Van Praag spares no detail or description when creating the enchanting world of Everwhere. One of the most important aspects of a book, especially one that relies heavily on magical realism, is the ability to paint a picture so vivid that you can imagine yourself inside the story. I could see myself stepping through the gates of Everwhere, smell the forest leaves, and hear the crunch of leaves beneath my feet. If nothing else, you can count on The Sisters Grimm for an incredibly immersive experience.
I was very excited about this book, and I thought that flips backward and forward through time were a creative way to explain how our girls got to be the way they are. We begin in the present day with a countdown to the sisters’ 18th birthday, and then we see them over a decade in the past as children. It was a clever way to set up the development of the story and see what childhood traumas have shaped their characters.
I also enjoyed the idea of good and evil and having to choose a side. While I feel that this trope is overdone in most literature, this book reminded me that there are many shades of grey in all of us and that we can be both good and bad. At times, we watch Bea grapple with the darkness she feels on the inside, while at others, we witness the unexpected joy she finds in her life. I felt deeply for her struggle with her inner (and literal outer) demons. The characters were complex and real, making it easy to believe they could be any one of us.
However, in some cases, things went much too slowly for my taste. For a 427-page book, I don’t feel like a lot happened until the last 100 pages or so. I understand the need for exposition, but I feel like I could have skipped a good middle chunk of the book and still have a near-perfect understanding of what was going on. Certain aspects even felt unnecessary to the plot of the overall storyline. At times, it also felt like this was the second book in a series and not the first because so much detail wasn’t filled in until later on in the story. I understand that’s a writing choice, but I constantly felt like I was missing something.

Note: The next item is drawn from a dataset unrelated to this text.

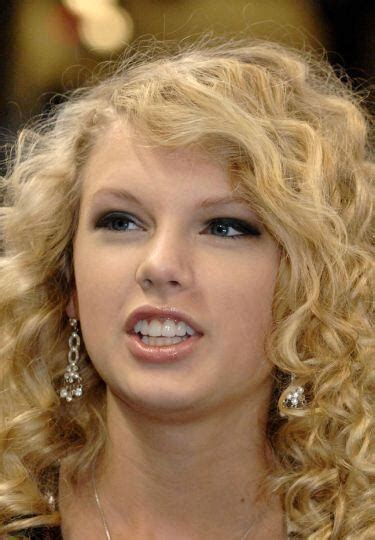 Taylor Swift Teeth Before And After Veneers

Overall, I loved the characters in this book. I love the idea of girl power and feminism, making bad choices, forbidden loves, and all the other messy and tangled things that make life complicated. What I like most about this story, though, is that it makes me believe in magic. I’ve always believed in magic since I’ve gone to Hogwarts and everything, but this makes me believe in deep-rooted ancient magic, the kind that you can feel coming from the depths of the earth, the old magic you feel in the ruins of castles and lush green mountains. It makes me feel like anything is possible.
If you like strong female leads, magic, and a bit of romance, I recommend The Sisters Grimm as a supernatural tale of sisters and their search to be at peace.